The letter had a little bit of everything. She told me all about her life, where she was living, what she was doing. She told me all about the best concerts she had been to, the best stuff she had done. The told me about the worst. She told me about the coffee she was having.

Then on to her family. She started talking about them and how she lived so far away, and how she missed them. She told me about her day, and included the mundane aspects like laundry and dishes, things that you wouldn't normally tell your friends you have done because they are so boring and one would hope that you did other more exciting things with your life.

She told me about her plans for the future, which like mine, are sort of penciled in, as if they could change at any time. She's doing an arts degree, or the equivalent, at college and she really doesn't know what she'll do with it. We're all in the same boat.

She told me about growing up in a small town, where everything and everyone knows each other. "You can't possibly imagine..." she says, and that's true. I can't. I grew up in a small town of 70 000. She talks about how knowing everyone can be both a good and a bad thing at the same time. I can see that.

She talked about the day she was having. She was sitting in a cafe, on the street, even though it was still kind of cold out, and looking at the sun glinting off the backs of the empty chairs there. She was penciling a letter to someone who she really didn't know, but was writing to anyway. Why? Why not? She is a very chatty person. She had just finished school, had the odd day when she didn't have to spend any time with friends doing anything. She had no arrangements, no commitments for the day, so she was writing to me. She didn't need to explain so much.
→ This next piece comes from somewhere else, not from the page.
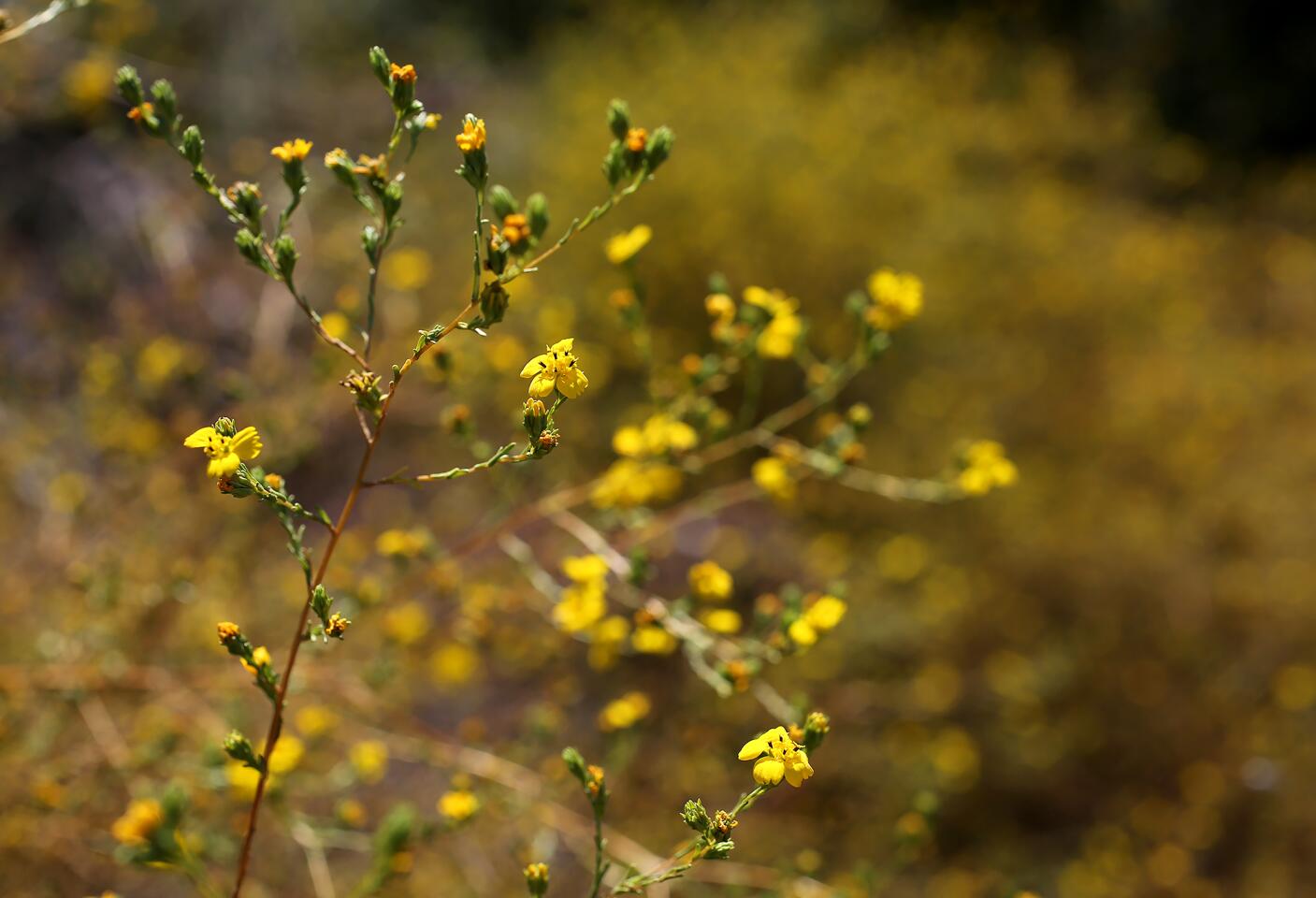 Bee Flat Canyon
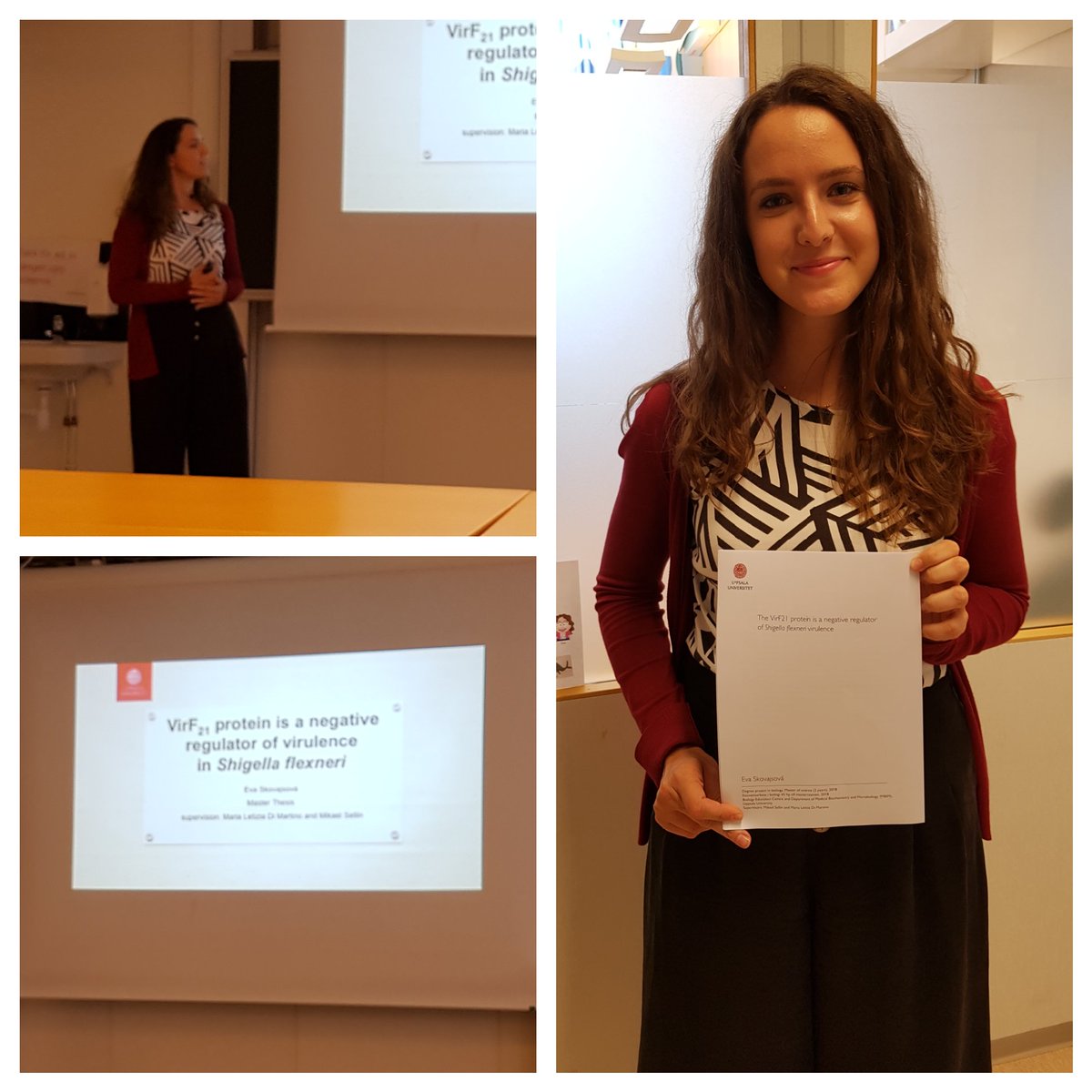 SellinLab's tweet photo. Eva Skovajsova @ESkovajsova defending her MSc thesis with flying colors today. Well done! We are thrilled that Eva will continue working with us to uncover the regulatory mechanisms behind #Shigella #virulence. https://t.co/KypJ9Wjoz1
The waitress was a person who she knew fairly well. When she moved into the city, she had made a lot of friends with sympathetic people because she felt so alone after living in a small town. The waitress was from a small town too, only she wasn't studying, just living. Just getting by. She told me a little bit about her too, just as much as she knew. She didn't exactly like to pry. The waitress had been sick for a while, with some sort of illness whose name sounded really ridiculous to me, but that was the only part of the dream that was wrong or weird. While she had been off, one of the ladies from the night shift was called in to work her shifts and she was nice, but she didn't know the customers like the regular waitress, I think her name was Ana.

And throughout this, she wondered why exactly she was writing this to me, a person on the other side of the world who may or may not really care about what she was saying, why she was saying it. Why not? If you write a letter to someone you don't know, then it's just as good as anonymous, right? Maybe they'll write back, and maybe they won't, and either way, it won't matter too much what they know about you. You can divulge personal information to this stranger as if it were truly an anonymous plea to no one, but you would be sure that someone would get it, and maybe it would get read, which is better than posting it in a blog somewhere in the middle of nowhere.

And maybe this person would reply back. And maybe this person would be genuinely interested in what you had to say. And maybe this person would eventually become your friend, someone you never actually meet, but someone who you can trust to send your secrets to, because you never have to see their face, see their reaction when they read them.

She spent so much time and effort to write that letter that I kind of feel like I should write back, even though it was a dream.